Multiple Linear Regression, unique intercepts

library(ggplot2)
suppressMessages(library(dplyr))

We’ll use the dataset that is built into R named mtcars to predict mpg using both cyl, the number of cylinders the car has, and wt, the weight of the car in thousands of pounds. First we’ll fit the model and then immediately check assumptions before interpretting the model – you don’t want to waste your time interpretting a not good model.

data(mtcars)
# Step 0: plot the data!
ggplot(mtcars, aes(wt, mpg)) + 
  geom_point() +
  geom_smooth(method = "lm", formula = y ~ x, se = FALSE)

fit <- lm(mpg ~ factor(cyl) + wt, data = mtcars)
yhat <- fitted(fit)
#r <- residuals(fit)
r <- rstandard(fit) # also check for outliers
df <- data.frame(yhat = yhat, residuals = r)

Using the scatter plot of standardized residuals on yhat, we can check both linearity and constant variation.

ggplot(df, aes(yhat, residuals)) + 
  geom_point()

There is slight indication of a broken assumption, specifically constant variation. But because there are no obvious outliers which are contributing to breaking the assumption of constant variation, were kind of stuck in the gray area. I’d personally note the slight aberration and then go about my business interpreting the model.

Check normality with a histogram of the standardized residuals. Any departures from normality indicate the assumption of normality is broken. If any standardized residual is greater than 3 or less than -3, the observation that residual came from could be considered an outlier.

ggplot(df, aes(residuals)) + 
  geom_histogram(bins = 13)

# adjust the bins until it looks reasonable

The plot doesn’t look strictly normal, but it is fairly symmetric and unimodel (one hump), so that’s good enough.
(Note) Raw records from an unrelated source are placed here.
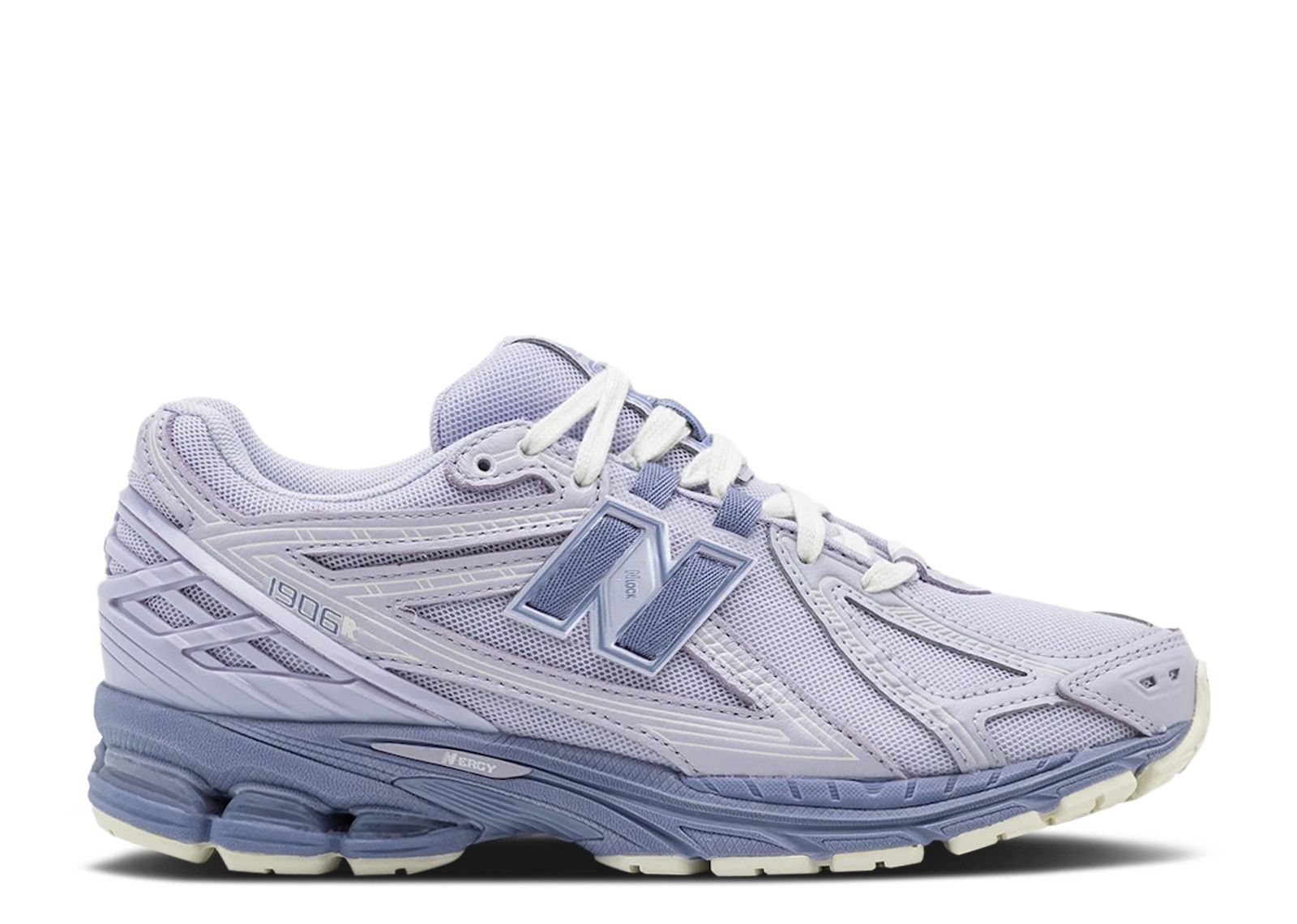 New Balance 1906R 'Pastel Pack - Lilac Purple'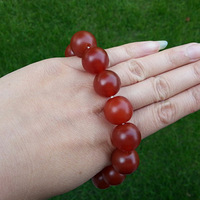 ��Ⱥ����ְ�æ�������������������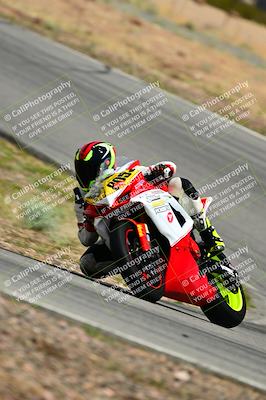 media/Apr-12-2025-TrackXperience (Sat) [[06d2a48708]]/Level 3/Session 5 (Turns 1 and 3)/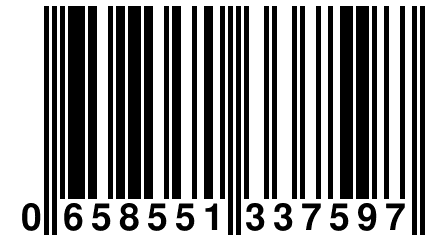 0 658551 337597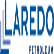 Laredo Petroleum Inc logo
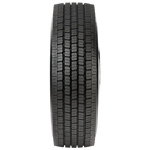 315/80 R22.5 156/150L (154/150M) SI011 M+S Falken
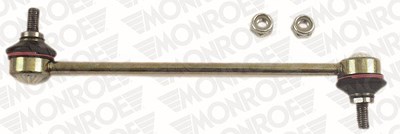 Monroe Stange/Strebe, Stabilisator [Hersteller-Nr. L16602] für Ford, Mazda von MONROE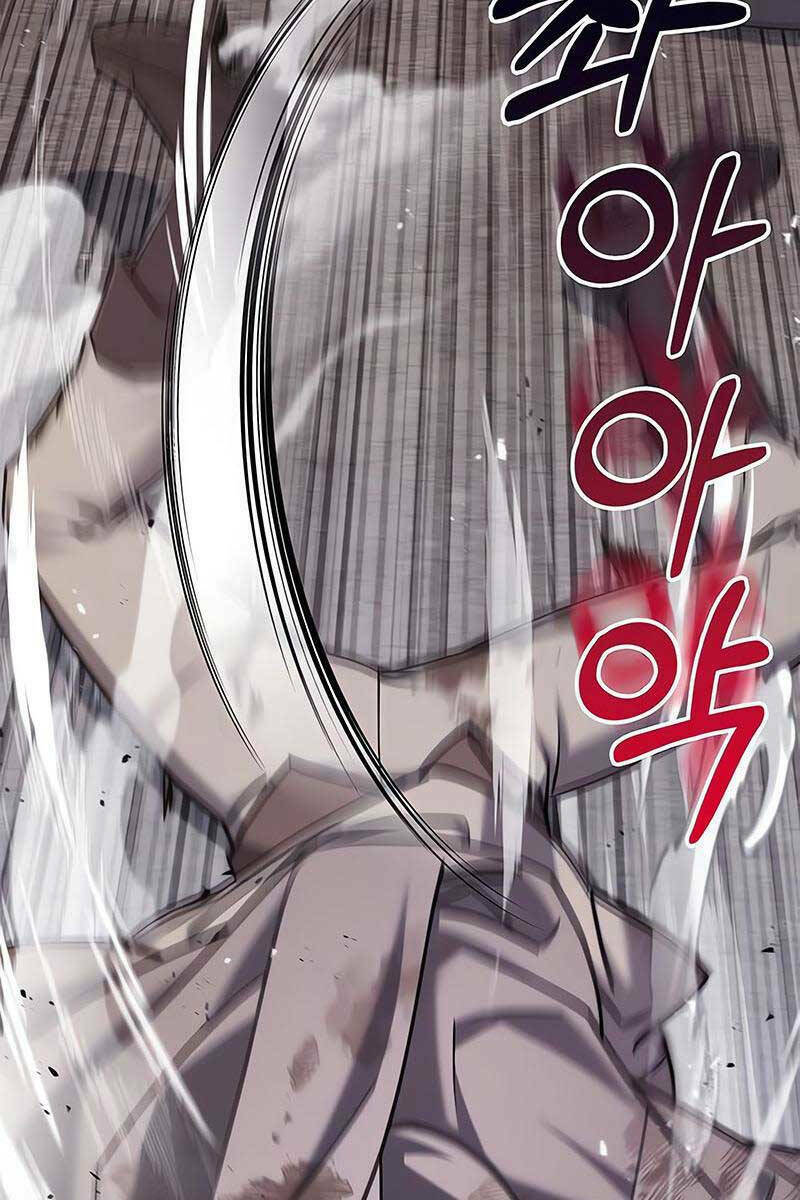 Tôi Không Tài Năng Đến Thế Đâu - Chapter 27 - Page 147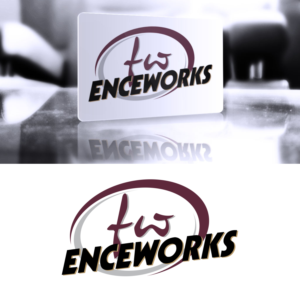 Logo Design by pelukismalam 2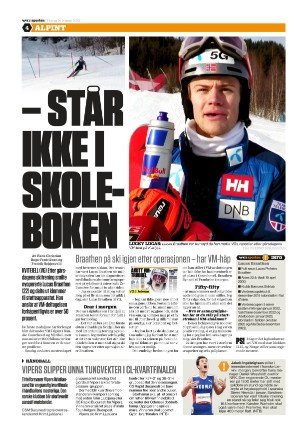 verdensgang_sporten-20230214_000_00_00_004.pdf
Next, we’ll interpret the output.

summary(fit)

Call:
lm(formula = mpg ~ factor(cyl) + wt, data = mtcars)

Residuals:
    Min      1Q  Median      3Q     Max 
-4.5890 -1.2357 -0.5159  1.3845  5.7915 

Coefficients:
             Estimate Std. Error t value Pr(>|t|)    
(Intercept)   33.9908     1.8878  18.006  < 2e-16 ***
factor(cyl)6  -4.2556     1.3861  -3.070 0.004718 ** 
factor(cyl)8  -6.0709     1.6523  -3.674 0.000999 ***
wt            -3.2056     0.7539  -4.252 0.000213 ***
---
Signif. codes:  0 '***' 0.001 '**' 0.01 '*' 0.05 '.' 0.1 ' ' 1

Residual standard error: 2.557 on 28 degrees of freedom
Multiple R-squared:  0.8374,    Adjusted R-squared:   0.82 
F-statistic: 48.08 on 3 and 28 DF,  p-value: 3.594e-11

The rest of this tries to capture follow up points made about the models and/or questions asked in class.

Notice that including the variable cyl as a numeric variable in the model does increase the adjusted \(R^2\). Because we can’t have \(3.14\) cylinders in a car, though, we should include cyl as a categorical/factor explanatory variable.

summary(lm(mpg ~ wt, data = mtcars))$adj.r.squared
[1] 0.7445939
# add cyl as numeric, increases R^2, but not great in theory
summary(lm(mpg ~ cyl + wt, data = mtcars))$adj.r.squared
[1] 0.8185189
# add cyl as factor, best
summary(lm(mpg ~ factor(cyl) + wt, data = mtcars))$adj.r.squared
[1] 0.8200146

“Can we plot the model we just fit, where we have unique intercepts (per level of cyl) and a shared slope across the numeric variable wt?”

Yes, but not easily. It’s not easy, because by default ggplot2 plots unique intercepts and unique slopes. The model we fit above has unique intercepts and a shared slope (parallel lines).

ggplot(mtcars, aes(wt, mpg, color = factor(cyl))) + 
  geom_point() +
  geom_smooth(method = "lm", se = FALSE)
`geom_smooth()` using formula = 'y ~ x'

To get an appropriate representation of the model we fit, you have to ask ggplot2 real nice.

beta <- coef(fit)
lvls <- factor(unique(mtcars$cyl))
ints <- predict(fit, newdata = data.frame(cyl = lvls, wt = 0))
slp <- beta[4]

dfp <- data.frame(intercept = ints, slope = slp, g = lvls)

ggplot() +
  geom_point(data = mtcars, aes(wt, mpg, color = factor(cyl))) +
  geom_abline(data = dfp, 
              aes(intercept = intercept, 
                  slope = slope, 
                  color = g))

# making you all reproduce this code is mean, but how about interpreting the code?